Public school districts in Mississippi will be under funded by more than $200 million for the next school year. That's according to district-by-district calculations released by an education watch dog group. As MPB's Mark Rigsby reports, districts across the state will be soon be notifying teachers of their employment status.
According to statistics from The Parents' Campaign, public schools in Mississippi will get hundreds of millions of dollars from the state legislature below what the law requires under the Mississippi Adequate Education Program, the state's public school funding formula. Nancy Loome, the group's Executive Director, says if you take out the $100 million teacher pay raise approved in 2014, school districts today are getting less.

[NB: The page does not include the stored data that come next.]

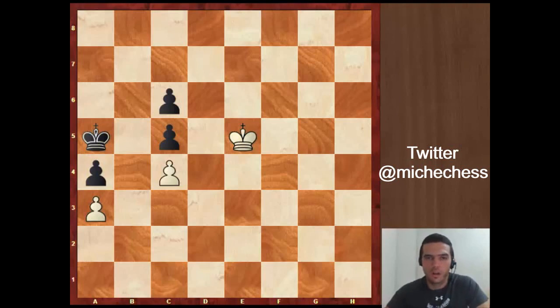Just to recall, distant opposition is when there is an odd number of squares between both kings. If we can get distant opposition, maybe we will be able to get a regular opposition and probably we will get this pawn and the other pawns and win the endgame.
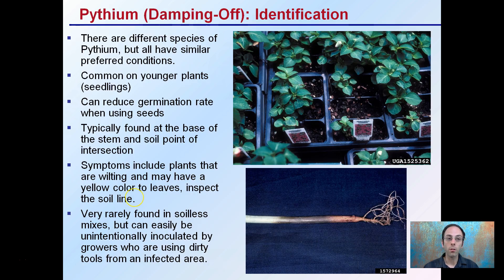First off, identification. There are different species of Pythium, but they all have similar preferred conditions. It's very common in younger plants or seedlings, as we see here, and can reduce the germination rate when using seeds. What's unique about this disease is that while we have an entire flat here of plants growing, Pythium will affect certain areas — it may not be widespread and infect all plants, but may occur in small pockets.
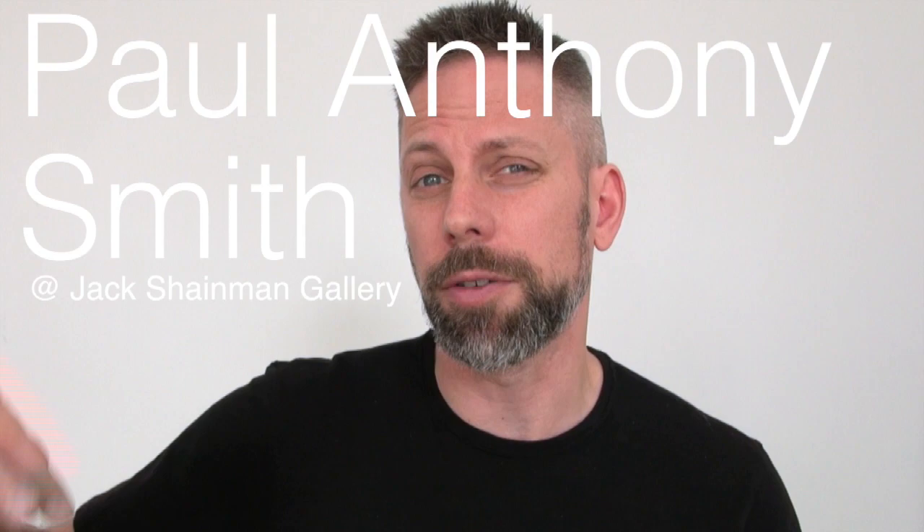There is an artist, Paul Anthony Smith, that is currently on view at both Jack Shaman locations in New York, and he is using a technique that is both incredibly simple and yet mind-blowing in what it's able to pull off.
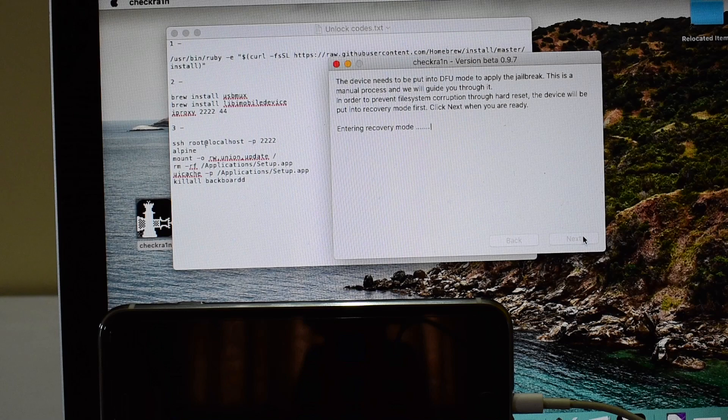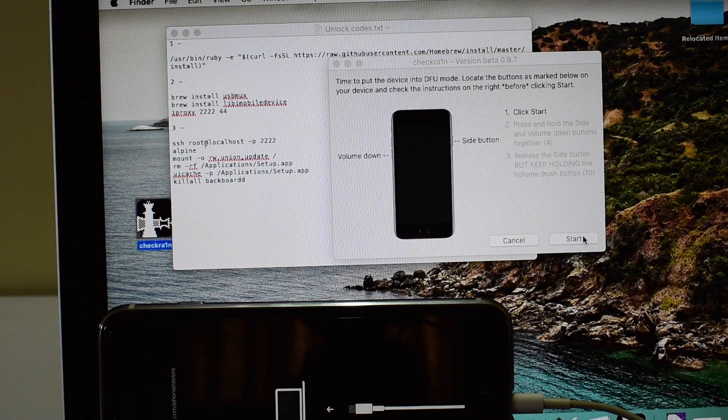Let's begin the jailbreaking process by connecting the iPhone to the Mac using an original USB cable. Click on the Start button on CheckRain jailbreak software to begin the process. It puts your device into recovery mode. Once the device is in recovery mode, your Mac prompts you to restore or update your device. Just close that window and get back to the CheckRain software.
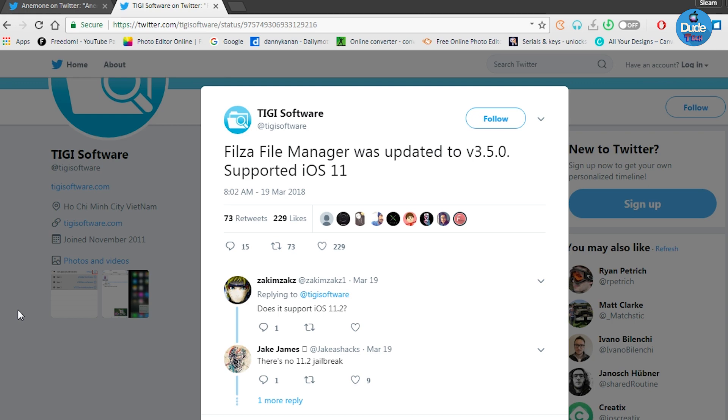You can go ahead and download Filza from Cydia right now. You don't need to use a different website or browser to download Filza - if you are already jailbroken you can go ahead and download Filza directly from Cydia. That's the most information I have for you guys today about Anemone and Filza. I hope you enjoyed the video - if you liked it give it a big thumbs up, subscribe for more videos, and I'll catch you guys in the next one. Peace.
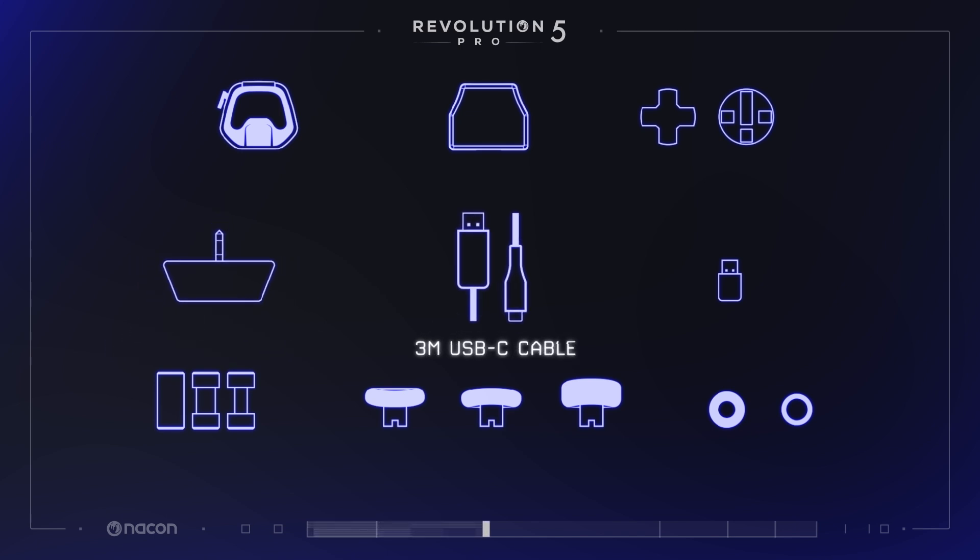A 3-meter braided, super-resistant USB-A to USB-C cable is included and is ideal for charging. You can play while charging.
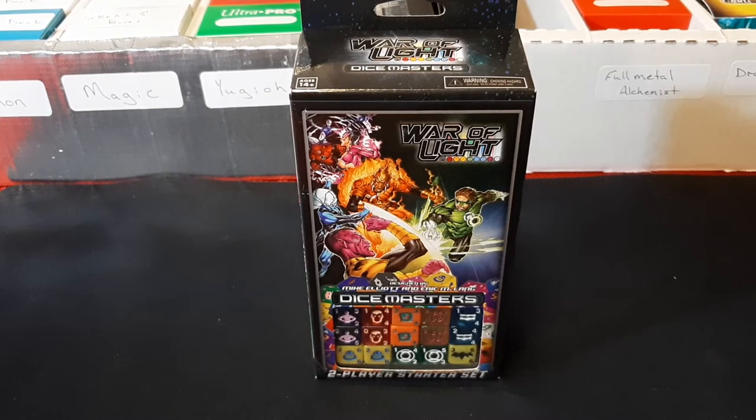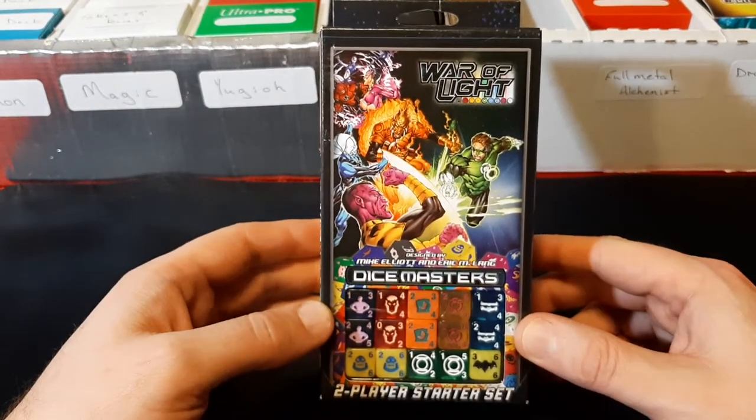Hello everyone and welcome back to my channel. I had done YuGiOh Dice Masters and gotten a full set, and I was just going to be done with it, but I went through the rules and the different sets — there's a bunch: DC, Marvel, whatever — they're all interchangeable. So for my 'trying out new card game' series, I'm going to open up different starter sets for Dice Masters and see if I can incorporate some of those into the YuGiOh decks I've built. This first one is War of Light.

"They're funded at a level that is significally less than what they received 10 years ago. It's a problem. Schools are really struggling to keep their heads above water and provide children a quality education."
The state of Mississippi is currently facing tight budget times. State tax revenue has not met projections, which means there's less money to go around. Kimberly Woodard is the Business Manager for the Alcorn County School District. She says there will be no teacher layoffs in her district next year when employment notifications are given at the end of the week.
"Sometimes it means the teacher is retiring. We do that through attrition. Maybe we don't replace that particular teacher. That would mean, maybe we increase class sizes. Which is not ideal for our students each year.That's one of the things we would have to do."
The state's public school funding formula has been fully funded only twice in 20 years.